I have sometimes wondered about changing the name back to Holmgren, but it hardly seems worth the effort. There is no widespread anti-Swedish prejudice to stand up against in solidarity, and I have no special allegiance to patriarchy.
It seems that most Howards I meet are African American. I doubt they took that surname by marrying English. As best I can guess, their ancestors took their surname, as Howard University did, from Major General Oliver Howard, who fought in the Civil War, and later promoted the welfare of former slaves and war refugees as Commissioner of the Freedmen’s Bureau.
Perhaps there is even a little solidarity to be had in retaining a surname chosen by people who, to this very day, face discrimination.
Michael Pollan explains the situation well in “The Omnivore’s Dilemma” . . . because agriculture yield and prices are highly volatile, it is desirable to balance out the wilder potentially-devastating-to-farmers price fluctuations. Historically the Department of Agriculture did this by buying crops when prices were low and storing them for sale when prices were high.
During the Nixon administration there was a shortage of affordable meat, so the government moved to a flat subsidy of certain crops to maximize food production. It worked, but today we are dealing with the unintended consequences.
I think it is good for the government to regulate food safety and to provide food stamps for poor people. I suspect that with the contemporary globalized food system that price stabilization is a lost cause, and less of a concern, because the overall market is larger.
I just posted a comment on a friend’s Facebook status:
I think the Death of Paper Books has been predicted with the advent of newspapers, radio, television, microfiche, books-on-tape, CD-ROMs, the Internet, portable computers, e-books readers, and smart phones, but it still hasn’t happened yet.
I like books, I like holding them in my hands, and I like stacking them on shelves along the walls of my apartment. I suspect that this love of books will be transmitted to my children, much as it was inherited from my parents. I doubt we’ll have an “unabridged dictionary” or a set of encyclopedias like when I grew up, but hell yeah, as long as I and my descendants have the money to spend, paper books aren’t going to die out.
I think eBooks will serve a particular role, especially in lightening the load in school backpacks. For my normal routine of reading one book at a time, though, and then palming it off to a friend or family member, I am fine with having the pulp copy to thumb through, though access rights if I later want to search the book digitally would be nice.

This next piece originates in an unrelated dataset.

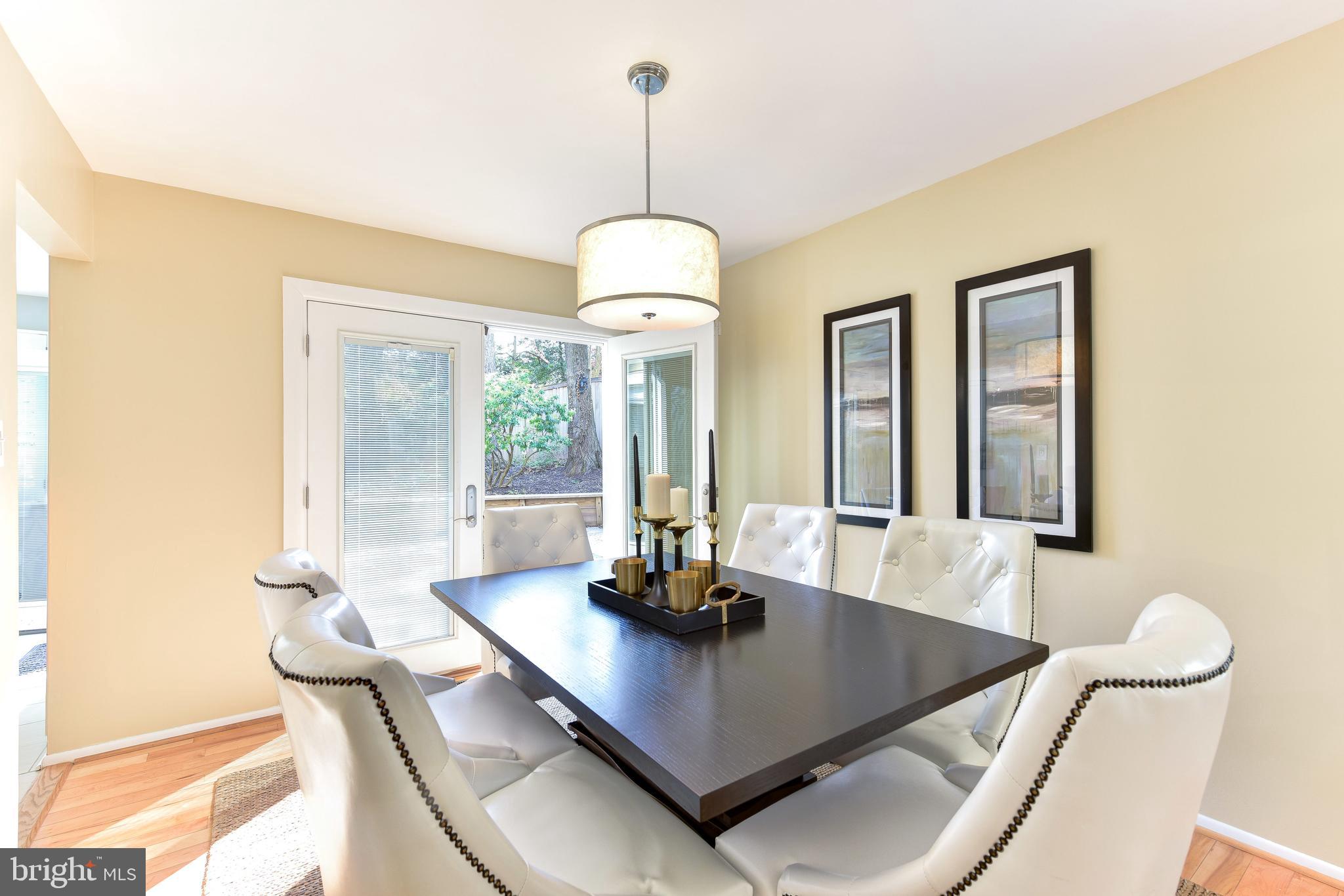 11803 Tree Fern Court Reston, VA 20191 - Photo 6 of 38 Formal DiningFormal Dining Opens to Slate Patio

Background: Google Apps is a service where Google will host the e-mail and calendar for your domain. So, instead of going to gmail.com I go to mail.toldme.com and log in as dannyman for dannyman@toldme.com. The annoying thing that has been going on for several years now is that only a minority of the growing array of Google software that features personalized content will support my Apps login, so I have two completely separate Google accounts:
Apps Account: dannyman@toldme.com
Gmail Account: picasasucks69@gmail.com
The first contains an archive of e-mail going back 15 years, my combined e-mail, telephone, and address book of all my friends, and Calendar appointments for the past five years. It integrates seamlessly with my Android Phone.
The second is for all the stupid Google applications that do not work with my Google account and require me to have a Gmail account that I never use otherwise: Picasa, Blogger, Google Maps, Google Voice . . . that last one is especially annoying, because now the brokenness leaks onto my Android phone!
As a big Google fan, I have an Android phone and a Google Apps account, and a Google Voice account. Google Voice is really neat, but since it only supports Gmail logins it is really poor that my Gmail / Android contacts aren’t available in Google Voice. That’s right: since I’m a really big Google fan, the Google Voice application will NOT sync with my Google Phone.
I understand that it is possible to install software that pulls the data out of your Apps Gmail account or Android phone, and then re-copies that back in to the Google Voice non-Apps account. But this requires extra effort on my part to maintain a kludge to have duplicate copies of data stored in two different places.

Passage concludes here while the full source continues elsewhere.